So, how is this different from the “classic” push-based style ?

In the “classic” way of doing things, the producer will enqueue the data in the buffer only if there’s no demand left, otherwise it will directly propagate the event in order to satisfy the demand. So basically the only driver is the demand.

In the approach I took the demand is not the driver anymore, it’s the acknowledgement mechanism. As we stated hereabove we are processing one event at a time in order to simplify the whole process, we can then safely ignore the demand.

Moreover we need a mechanism in order to know if we have to send the last message again in case the consumer has crashed. I have to say that, even if this seems trivial, it gave me some headache … It’s easy to look after complicated solution when the answer is right in front of you.

The code

Let’s explore the different pieces of the puzzle.

(Note: I’ve slightly changed the formatting of the code so it minimizes the horizontal scrolling)

We’ll begin by the client API

defmodule Sandbox do
  def publish(message) do 
    GenServer.call(producer_name(), {:publish, {message, UUID.uuid4()}})
  end
end

You can clearly see that we attribute an unique identifier with each message. Note that I could have done that in the producer.

Next is the state of the producer. It simply consists of a buffer, the current message awaiting for an acknowledgement and the pid of the consumer. The latter is needed so we know if it has crashed; we can then act on that.

defmodule Sandbox.Producer do
  use GenStage

  defmodule State do
    defstruct buffer: nil,
              to_ack: nil,
              consumer: nil
  end

end


Publishing a message

After this overview of its state, let’s take a look at what’s going on when we want to publish a message. We have to differentiate the cases when the consumer is not there - either because it hasn’t subscribed yet to the producer or because it has crashed.

When the consumer is not present we just enqueue the message in the buffer and set it as the message to be acked.

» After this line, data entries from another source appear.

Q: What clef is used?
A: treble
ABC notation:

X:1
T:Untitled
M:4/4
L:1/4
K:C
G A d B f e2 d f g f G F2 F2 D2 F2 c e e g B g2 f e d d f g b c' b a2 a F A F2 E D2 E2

def handle_call({:publish, {_, id} = msg}, _, %State{consumer: nil} = state) do
  enqueue(state.buffer, msg)
  to_ack = if state.to_ack, do: state.to_ack, else: peek(state.buffer)

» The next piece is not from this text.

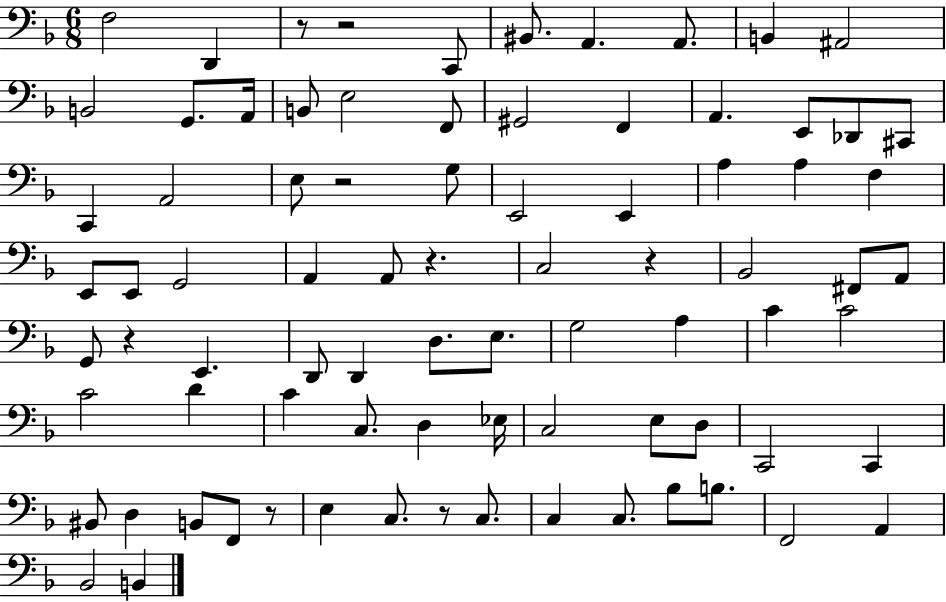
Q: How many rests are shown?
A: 8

  {:reply, {:ok, msg}, [], %State{state | to_ack: to_ack}}
end


Things get a little different when the consumer is present: if there is no message awaiting for ack we just take the next message from the buffer and propagate it, otherwise we do nothing.

def handle_call({:publish, {_, id} = msg}, _, %State{} = state) do
  enqueue(state.buffer, msg)
  {events, to_ack} =
    case state.to_ack do
      nil ->
        elem = peek(state.buffer)
        {[elem], elem}

      _ ->
        {[], state.to_ack}
    end

  {:reply, {:ok, msg}, events, %State{state | to_ack: to_ack}}
end


Handling the demand

Next onto the demand handling. As said earlier, it’s not the main driver but we have to handle it anyway. It’s just that we don’t care about how many events the consumer is requesting.

To be honest, I even don’t know if we can fall into that first specific case …

def handle_demand(_, %State{consumer: nil} = state) do
  {:noreply, [], state}
end

When the consumer is present but there’s no message awaiting ack just means there was no queued message when the last ack was received so the consumer had nothing to do. But since that moment some messages may have been queued. We need to check that out.

def handle_demand(_, %State{to_ack: nil} = state) do
  Logger.debug("Received demand - #{inspect(state)}")
  {events, to_ack} =
    if empty?(state.buffer),
      do: {[], nil},
      else: {[peek(state.buffer), peek(state.buffer)]}

  {:noreply, events, %State{state | to_ack: to_ack}}
end

Finally the most interesting case: if, when handling the demand, there is still a message awaiting ack, it means that something most surely went wrong on the consumer side. That means that if it crashes, it is directly restarted by the supervisor and resubscribes to the producer, triggering a demand to the latter. We just propagate the message awaiting ack again.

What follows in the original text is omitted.